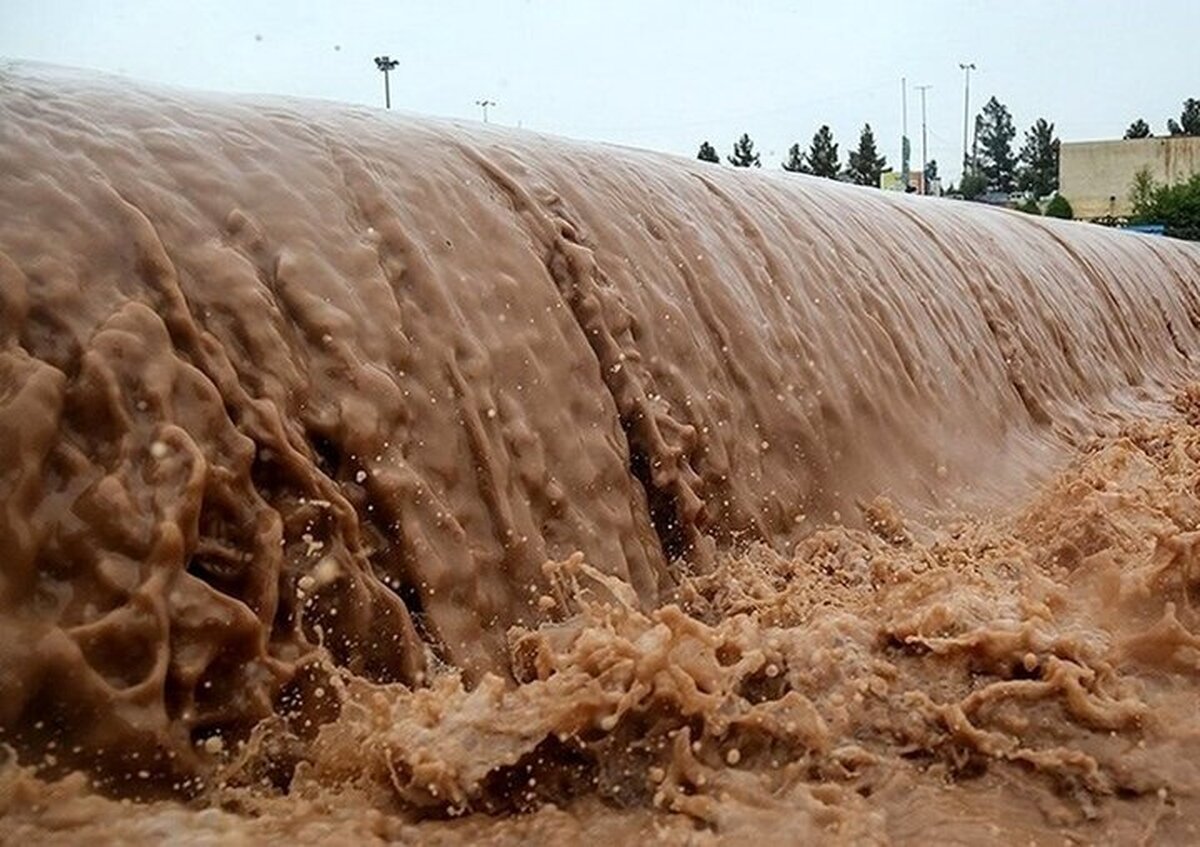 ۶ نفر بر اثر سیلاب در این شهر جان خود را از دست دادند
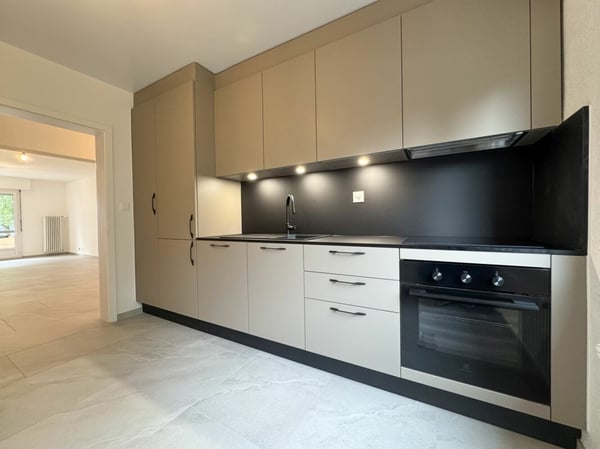 Appartement de 1.5 pièces avec balcon rénové et loué. 4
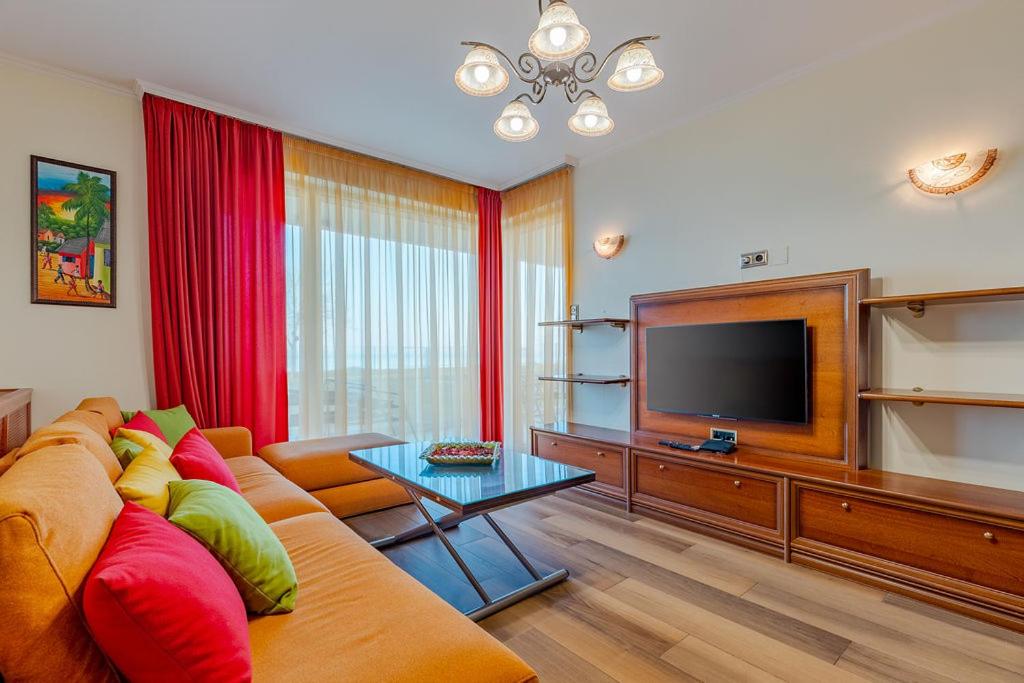 Two-Bedroom Apartment - Photo 15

-=-=-

> Exercise requirements
Write the listing above out again exactly, but not the images it holds.

> Solution
 ۶ نفر بر اثر سیلاب در این شهر جان خود را از دست دادند
 Appartement de 1.5 pièces avec balcon rénové et loué. 4
 Two-Bedroom Apartment - Photo 15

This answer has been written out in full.